Step 1. Firstly it's necessary to generate the initial set of five features. Dependencies should not be trivial, so assume that information about the serviceability of the device 2 is not always reliable (the device fails): sometimes the device 2 serviceability indicates “true”, but really it has “false”. In 80% of cases with such a failure railway accidents happen. The rest of the accidents occurs due to unknown reasons. Failure of the device in 50% of cases are due to too low or high temperatures. The remaining data do not have any explicit dependencies. The results of training the model on such data set are presented in table below.

Decision tree Neural Networks Logistic regression QUEST C&R Tree

Training accuracy 0.331 0.821 0.792 0.842 0.848

Testing accuracy 0.333 0.815 0.787 0.829 0.837

According to the results decision tree algorithm will be excluded of the further selection process, because it's results on

the very first sample are unsatisfactory.

Step 2. On this step it's necessary to complicate the task of modes learning by increasing the number of predictors. Select most important for the prediction features from those available. In almost any problem of forecasting the question arises: what signs to use, and what not. The problem of features selection often arises from the fact that at the stages of formulation of the problem and the generation of data is not yet clear what the signs are prediction-useless or duplicate each other. The challenge for feature selection in its exhaustive search nature. If the number of sign is n, the number of non-empty subsets of 2n -1. Direct enumeration of all subsets is impossible if n is the order of 20 even in the most modern machines. Attributes synthesis (also called features extraction) is the approach to reduce dimensionality. It consists of finding a transformation of the original feature space into a new space of substantially smaller dimension. One of the well-known and frequently used methods is the sequential addition of features - ADD method. This method assumes adding to an existing set of one additional feature, and the choice of ones, which leads to the greatest predictive error decrease (or predictive model accuracy increase) on a testing sample.
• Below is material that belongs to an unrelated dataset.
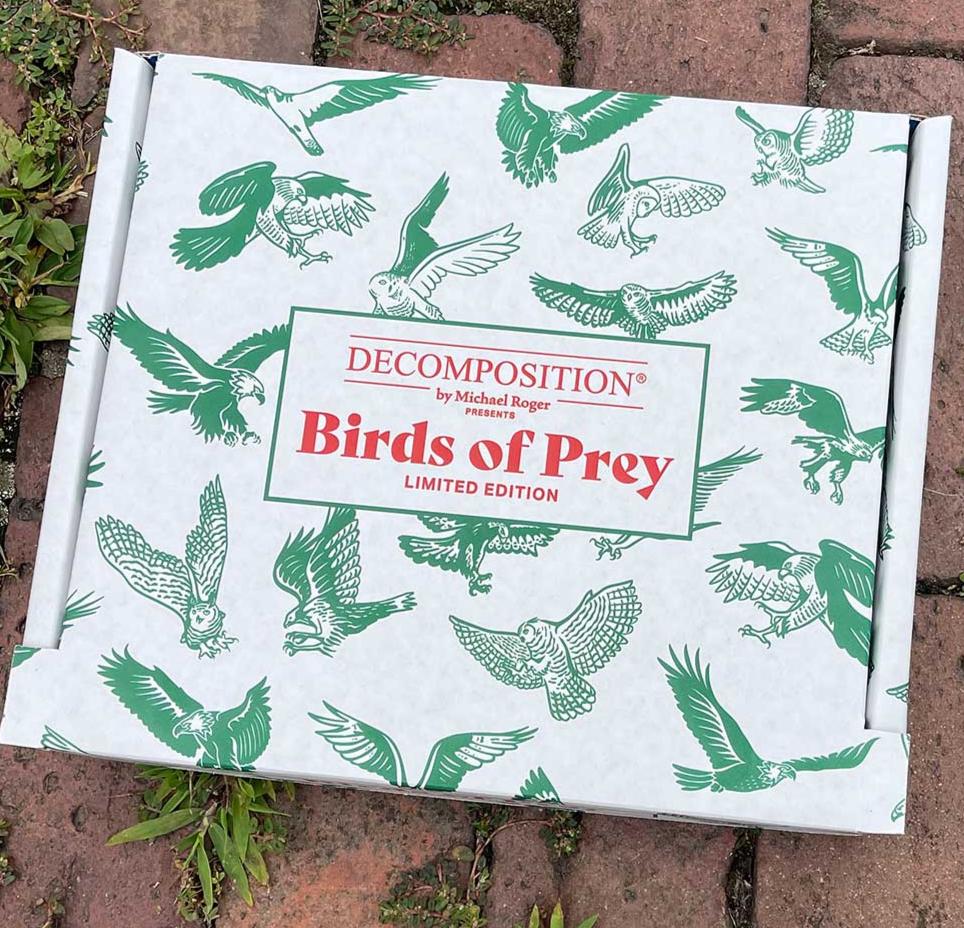 Birds of Prey Gift Set: Three Notebooks & a Dozen Pencils - Image 3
It should be noted that the ADD method reduces the complexity of brute force but sometimes it tends to include a set of extra (noise) features. In our case, the duplication of features can be neglected, because we have just the model of the real situation so it's simplicity assumes the minimum number of data set. All features available are:

(<Part of the railroad>, <average mass of trains passing through particular sector per day>, <device 1 serviceability>, <device 2 serviceability>, <temperature>, <device 3 serviceability>, <ware of contact wire>, <DISC - sensor reading>, <maneuverable light signal>, <input light signal>, <occupation intensity per day>).

For best features selection, we take the predictive algorithm, which showed the best results in the first step -C&R tree.

After adding to the existing data set “device 3 serviceability” feature algorithm re-training came up with following results:

C&R Tree

Training acuracy 0.848

Testing accuracy 0.845

Note that the accuracy of the model on the training set on average has not changed, but the accuracy of prediction on the testing sample increased. We conclude that this feature is not excess and leave it in the set of predictors. The next feature that we will check - the “wear of contact wire”. The result of the experiment is shown in the following table:

C&R Tree

Testing accuracy 0.875

Training accuracy 0.874

The results indicate that this predictor is surely quite informative so leave it in the sample too.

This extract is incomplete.